Here's the complete path a single query takes, stitched together. The happy path has up to three PIR rounds — INDEX, CHUNK, MERKLE — each padded to fixed size. Every round is padded even when there's nothing to return.

1. Tag & groups. The client hashes the scripthash into a short 8-byte tag and derives its 3 candidate PBC groups; a deterministic rule picks one as the assigned group.
2. INDEX round. The client generates 75 × 2 DPF keys — one real (keyed to the item's 2 in-group cuckoo bin positions) and 74 random dummies — and ships them to the two servers.
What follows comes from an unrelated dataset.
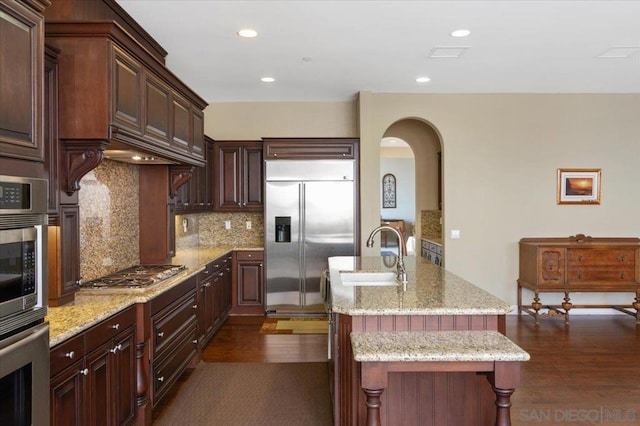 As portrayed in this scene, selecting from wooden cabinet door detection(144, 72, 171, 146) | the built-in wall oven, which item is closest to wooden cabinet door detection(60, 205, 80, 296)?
wooden cabinet door detection(144, 72, 171, 146)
3. Decode. Client XORs the two servers' responses per group, scans the returned bin for the matching tag, and reads (start_chunk_id, num_chunks).
4. CHUNK round(s). If num_chunks > 0, the client issues CHUNK queries at K_CHUNK = 80 per round, potentially spreading many chunks across multiple rounds.
5. MERKLE round(s). For each bin returned (found or empty), the client issues padded sibling-PIR queries — one per tree level — to verify the bin against the published Merkle root. For a "not found" answer, this must cover both INDEX_CUCKOO_NUM_HASHES = 2 in-group bins.
6. Result. Only now does the client report UTXOs to the rest of the wallet. Every PIR-returned byte has been Merkle-verified; every round looked the same on the wire regardless of whether the address had one UTXO or zero.